*** INPUT DATA Section Begins ***

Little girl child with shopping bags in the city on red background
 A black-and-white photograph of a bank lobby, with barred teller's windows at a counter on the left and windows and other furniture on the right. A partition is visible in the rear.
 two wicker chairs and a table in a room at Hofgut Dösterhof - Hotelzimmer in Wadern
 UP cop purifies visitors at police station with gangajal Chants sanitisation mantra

*** INPUT DATA Section Ends ***

• _REQUIREMENT_:
Return the material above in full, word for word.

• _TASK ANSWER_:
Little girl child with shopping bags in the city on red background
 A black-and-white photograph of a bank lobby, with barred teller's windows at a counter on the left and windows and other furniture on the right. A partition is visible in the rear.
 two wicker chairs and a table in a room at Hofgut Dösterhof - Hotelzimmer in Wadern
 UP cop purifies visitors at police station with gangajal Chants sanitisation mantra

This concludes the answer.